[Records from a data source]

┌──

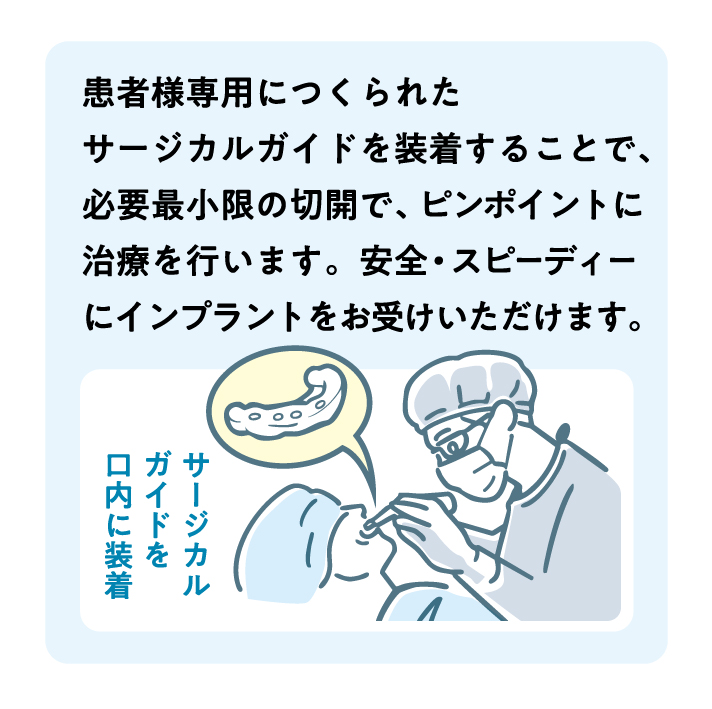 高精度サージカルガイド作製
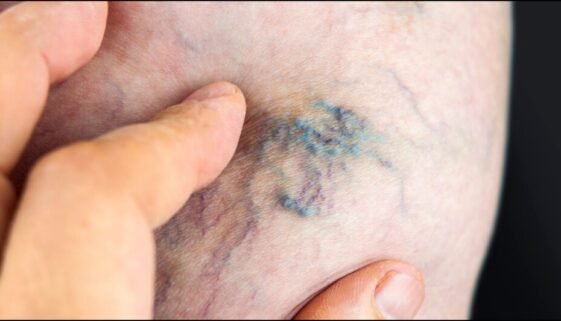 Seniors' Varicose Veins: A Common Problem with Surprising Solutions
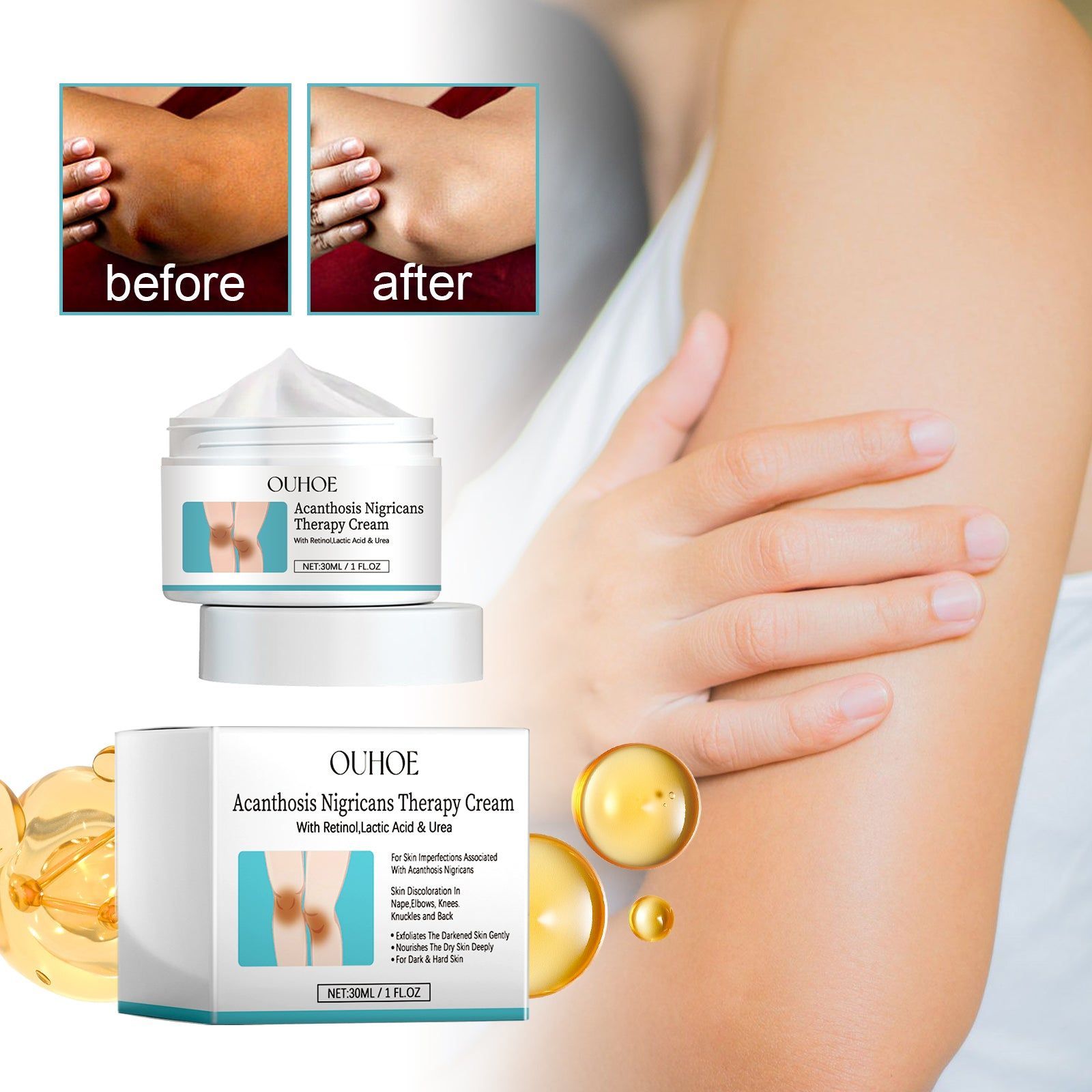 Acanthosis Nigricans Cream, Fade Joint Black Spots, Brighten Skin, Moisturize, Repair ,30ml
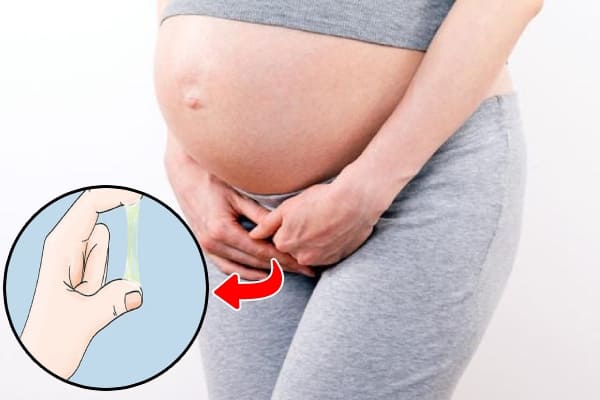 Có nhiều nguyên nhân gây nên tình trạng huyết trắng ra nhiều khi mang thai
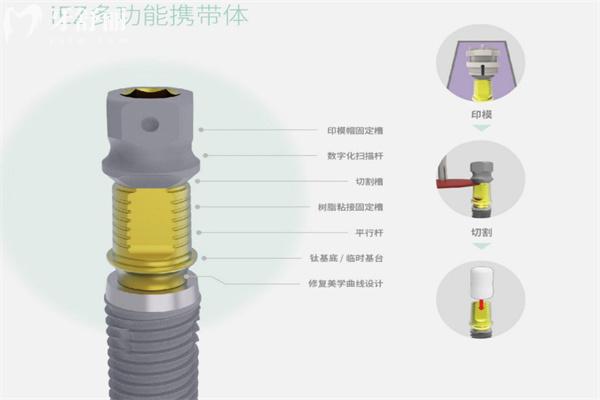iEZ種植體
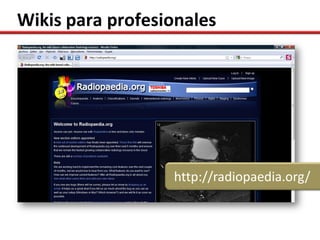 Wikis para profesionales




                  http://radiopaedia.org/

└──

What the exercise asks: Nothing but the lines from the one containing "Seniors' Varicose Veins: A" through the last line of the records above should appear, each repeated exactly, with no pictures.

Solution below:
 Seniors' Varicose Veins: A Common Problem with Surprising Solutions
 Acanthosis Nigricans Cream, Fade Joint Black Spots, Brighten Skin, Moisturize, Repair ,30ml
 Có nhiều nguyên nhân gây nên tình trạng huyết trắng ra nhiều khi mang thai
iEZ種植體
 Wikis para profesionales




                  http://radiopaedia.org/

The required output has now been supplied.